- **Your objective**: In the data below, begin at the line with "Mcm Neo Terrain" and stop after the line with "Carter’s Toddler Girls"; output those lines exactly and no pictures.

- **Dataset content**:
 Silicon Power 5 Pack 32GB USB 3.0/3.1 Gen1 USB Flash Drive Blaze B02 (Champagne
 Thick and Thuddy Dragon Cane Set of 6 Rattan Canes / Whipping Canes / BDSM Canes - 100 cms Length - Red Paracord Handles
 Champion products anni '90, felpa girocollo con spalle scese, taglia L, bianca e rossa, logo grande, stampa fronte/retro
---
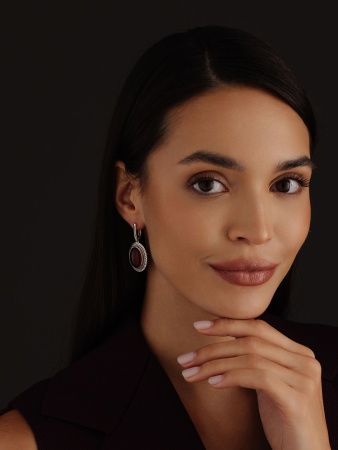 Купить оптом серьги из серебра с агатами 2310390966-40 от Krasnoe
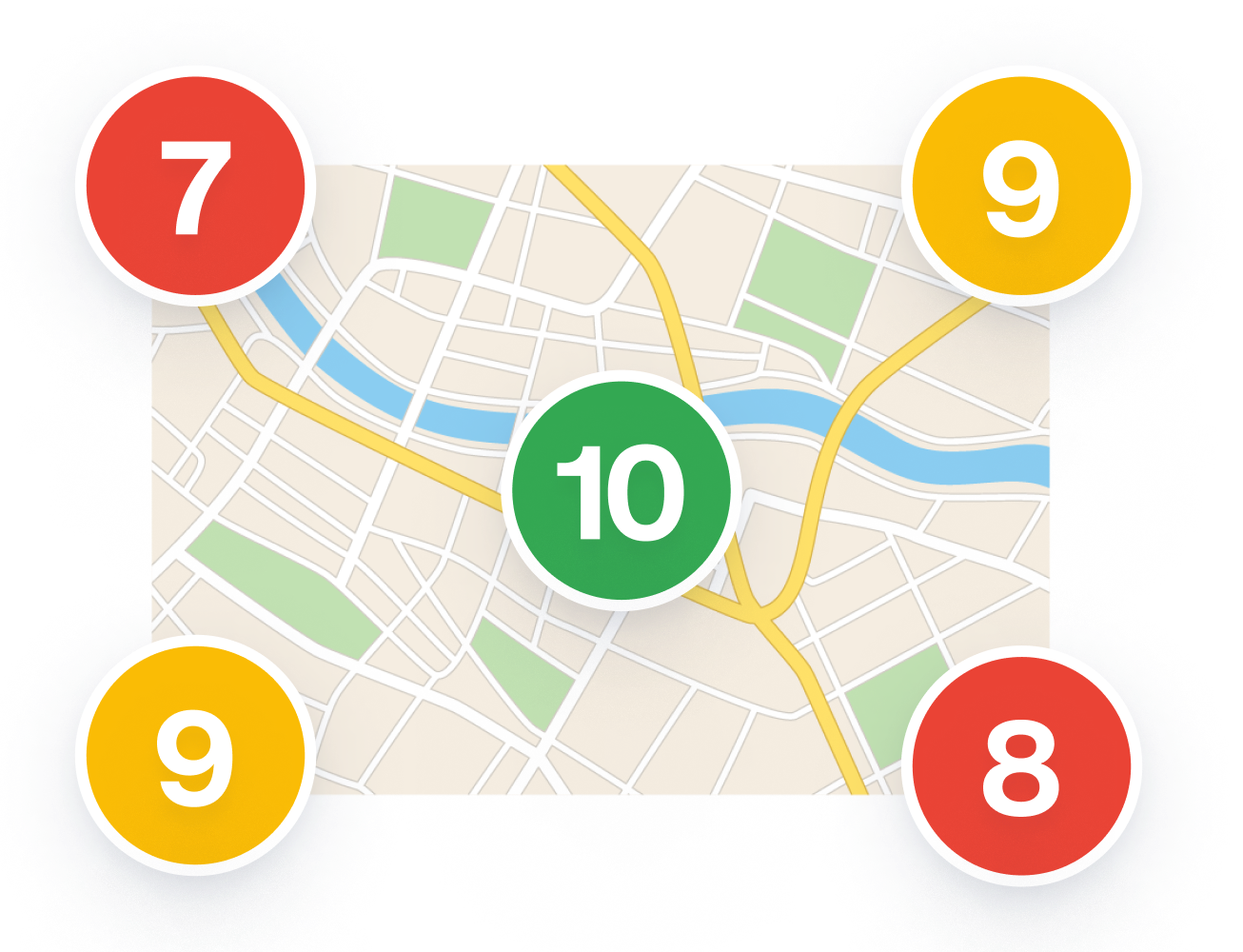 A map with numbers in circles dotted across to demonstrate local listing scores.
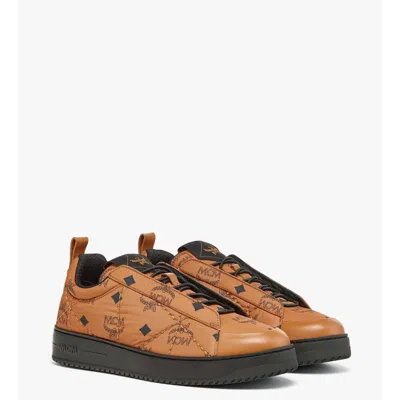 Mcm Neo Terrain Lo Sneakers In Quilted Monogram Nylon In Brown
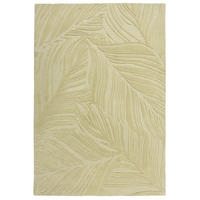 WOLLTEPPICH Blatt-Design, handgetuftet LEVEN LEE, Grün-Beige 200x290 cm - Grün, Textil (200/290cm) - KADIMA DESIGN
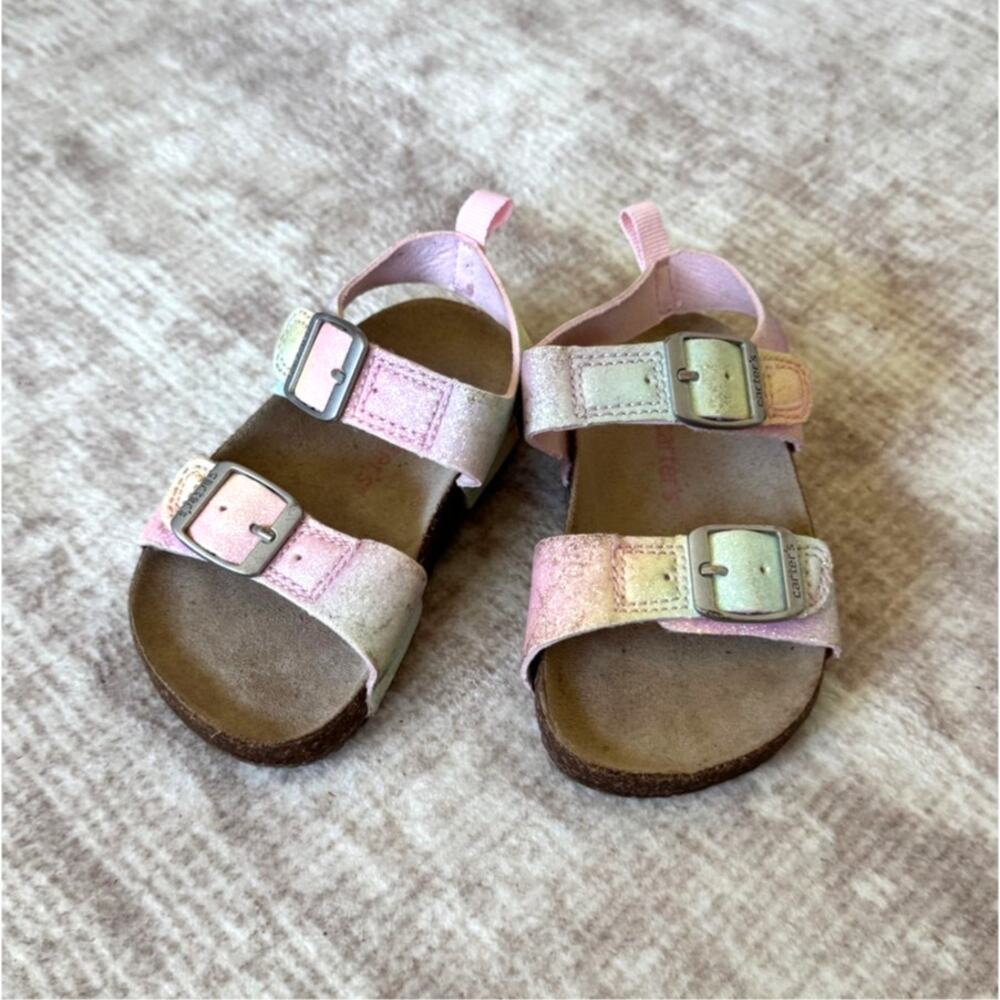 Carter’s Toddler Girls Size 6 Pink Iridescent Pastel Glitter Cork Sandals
...
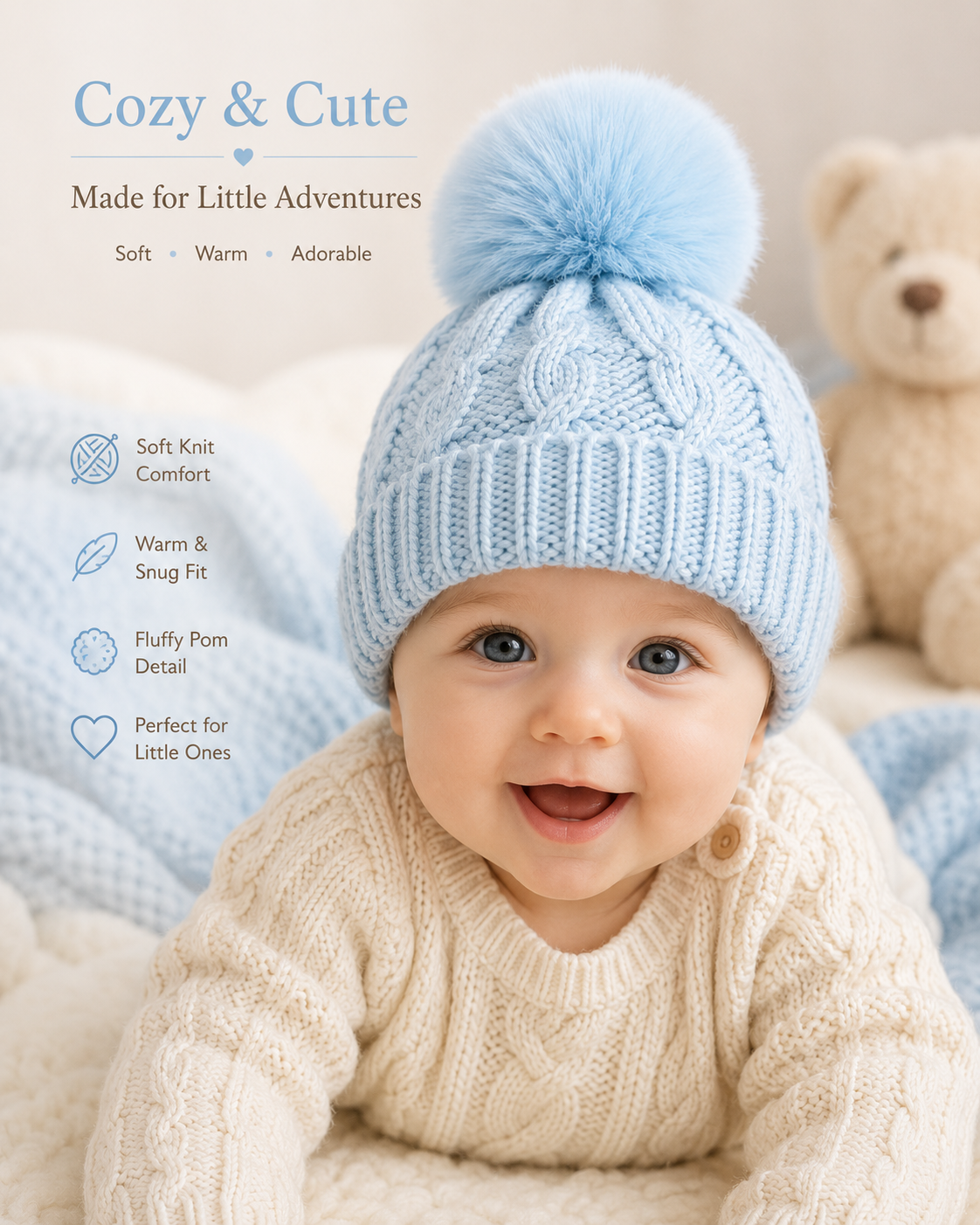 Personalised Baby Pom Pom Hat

- **Output for this exercise**:
 Mcm Neo Terrain Lo Sneakers In Quilted Monogram Nylon In Brown
 WOLLTEPPICH Blatt-Design, handgetuftet LEVEN LEE, Grün-Beige 200x290 cm - Grün, Textil (200/290cm) - KADIMA DESIGN
 Carter’s Toddler Girls Size 6 Pink Iridescent Pastel Glitter Cork Sandals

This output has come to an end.